Before David Gray became one of the world's biggest adult-alternative pop stars, the English singer-songwriter was making far-from-mainstream folk records. Toiling in obscurity during the early 1990s, Gray released three albums of spiritual, naked roots music where he sang like a wild-eyed poet. He abandoned the style on 1998's White Ladder, which included the acoustic electro hit "Babylon" and catapulted him to fame. Gray has made massive pop records ever since (with sales nearing 12 million), but secretly he'd been yearning to revisit his love for the quiet, emotive folk music of his past.

He finally recorded that nostalgic dream album, Foundling, last year. And he was certain the 11-song set (his ninth overall) would bomb, just like his old folk records. "I said the record wasn't going to sell very many copies because of the kind of record it is," says Gray. "I made a record purely for myself without a thought for the market or all that other bullshit that can enter your head. It's just for me. It's something I've been longing to do."

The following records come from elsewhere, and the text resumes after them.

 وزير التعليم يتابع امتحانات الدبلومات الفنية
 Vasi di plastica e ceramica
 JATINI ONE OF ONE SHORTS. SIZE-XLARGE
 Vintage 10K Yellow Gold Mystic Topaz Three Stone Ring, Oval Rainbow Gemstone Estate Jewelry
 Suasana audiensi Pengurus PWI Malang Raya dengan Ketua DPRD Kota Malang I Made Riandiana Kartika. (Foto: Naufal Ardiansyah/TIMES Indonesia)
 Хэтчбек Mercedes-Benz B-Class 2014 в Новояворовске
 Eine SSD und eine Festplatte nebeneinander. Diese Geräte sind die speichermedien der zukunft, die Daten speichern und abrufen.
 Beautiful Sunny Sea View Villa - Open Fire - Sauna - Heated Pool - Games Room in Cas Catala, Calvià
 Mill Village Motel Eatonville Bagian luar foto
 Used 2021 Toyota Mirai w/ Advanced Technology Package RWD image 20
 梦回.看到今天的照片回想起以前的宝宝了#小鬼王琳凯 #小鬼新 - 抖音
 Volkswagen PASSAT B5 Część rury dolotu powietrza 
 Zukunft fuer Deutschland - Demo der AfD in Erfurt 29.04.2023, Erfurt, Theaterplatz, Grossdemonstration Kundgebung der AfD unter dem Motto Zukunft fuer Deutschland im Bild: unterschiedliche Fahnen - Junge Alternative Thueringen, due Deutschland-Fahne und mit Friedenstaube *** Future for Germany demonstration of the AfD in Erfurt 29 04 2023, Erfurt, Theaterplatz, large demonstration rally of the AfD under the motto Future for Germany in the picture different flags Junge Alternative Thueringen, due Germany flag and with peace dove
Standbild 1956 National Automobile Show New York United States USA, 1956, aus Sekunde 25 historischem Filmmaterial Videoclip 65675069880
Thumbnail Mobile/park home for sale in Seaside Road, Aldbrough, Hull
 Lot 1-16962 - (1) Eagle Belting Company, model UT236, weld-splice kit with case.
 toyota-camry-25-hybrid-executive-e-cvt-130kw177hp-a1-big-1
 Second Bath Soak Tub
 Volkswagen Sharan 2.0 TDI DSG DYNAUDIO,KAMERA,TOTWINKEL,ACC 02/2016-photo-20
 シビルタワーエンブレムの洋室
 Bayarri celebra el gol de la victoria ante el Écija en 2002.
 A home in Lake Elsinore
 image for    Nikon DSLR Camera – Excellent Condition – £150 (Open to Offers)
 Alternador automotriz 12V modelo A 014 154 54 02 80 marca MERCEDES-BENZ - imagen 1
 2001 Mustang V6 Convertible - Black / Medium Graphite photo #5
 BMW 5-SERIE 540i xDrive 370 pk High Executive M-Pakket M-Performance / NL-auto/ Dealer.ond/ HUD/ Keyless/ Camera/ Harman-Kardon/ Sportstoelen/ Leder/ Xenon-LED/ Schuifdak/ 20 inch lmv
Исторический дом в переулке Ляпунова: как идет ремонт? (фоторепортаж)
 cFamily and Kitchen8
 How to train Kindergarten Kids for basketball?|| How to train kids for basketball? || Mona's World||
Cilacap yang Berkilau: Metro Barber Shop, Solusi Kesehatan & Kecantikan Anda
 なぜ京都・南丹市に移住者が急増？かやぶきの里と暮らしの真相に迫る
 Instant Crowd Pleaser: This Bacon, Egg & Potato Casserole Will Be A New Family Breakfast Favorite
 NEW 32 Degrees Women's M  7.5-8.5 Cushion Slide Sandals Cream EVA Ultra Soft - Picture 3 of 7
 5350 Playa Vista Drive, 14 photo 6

Gray ended up eating his words. When Foundling was released last August, it debuted at No. 9 on Billboard's Top 200 Albums chart — the highest position of Gray's nearly 20-year career. That success is in stark contrast to the underwhelming appreciation for his first three folk albums, 1993's A Century Ends, 1994's Flesh, and 1996's Sell, Sell, Sell. The roots revival has given Gray the opportunity to not only make music differently, but play it differently too. He's launched a series of intimate acoustic shows called "Lost and Found," which focus on the songs of Foundling. But he's also reinterpreting his entire catalog in concert, with a spotlight on his older, folkier tunes.

Gray and his band are playing old-school instruments onstage — double bass, piano, cello, harmonium — which takes everything "down by about 25 percent," he says. "Sometimes when you play a song gently with a couple of instruments, it just sounds massive. You focus on getting the beautiful sounds out of things — the real sounds, instead of a synthetic equivalent. You cluster everyone onstage so you can dovetail and move gracefully from song to song, like birds flying in formation through the sky."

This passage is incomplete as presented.